* **WORK INSTRUCTIONS**:
Could you return all of the data exactly as given?

* **RAW DATA**:

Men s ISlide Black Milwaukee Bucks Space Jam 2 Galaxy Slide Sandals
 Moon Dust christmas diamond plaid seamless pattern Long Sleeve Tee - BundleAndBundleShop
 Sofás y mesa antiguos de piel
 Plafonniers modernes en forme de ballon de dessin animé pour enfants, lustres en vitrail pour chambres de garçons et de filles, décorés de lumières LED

* **OUTPUT OF THE TASK**:
Men s ISlide Black Milwaukee Bucks Space Jam 2 Galaxy Slide Sandals
 Moon Dust christmas diamond plaid seamless pattern Long Sleeve Tee - BundleAndBundleShop
 Sofás y mesa antiguos de piel
 Plafonniers modernes en forme de ballon de dessin animé pour enfants, lustres en vitrail pour chambres de garçons et de filles, décorés de lumières LED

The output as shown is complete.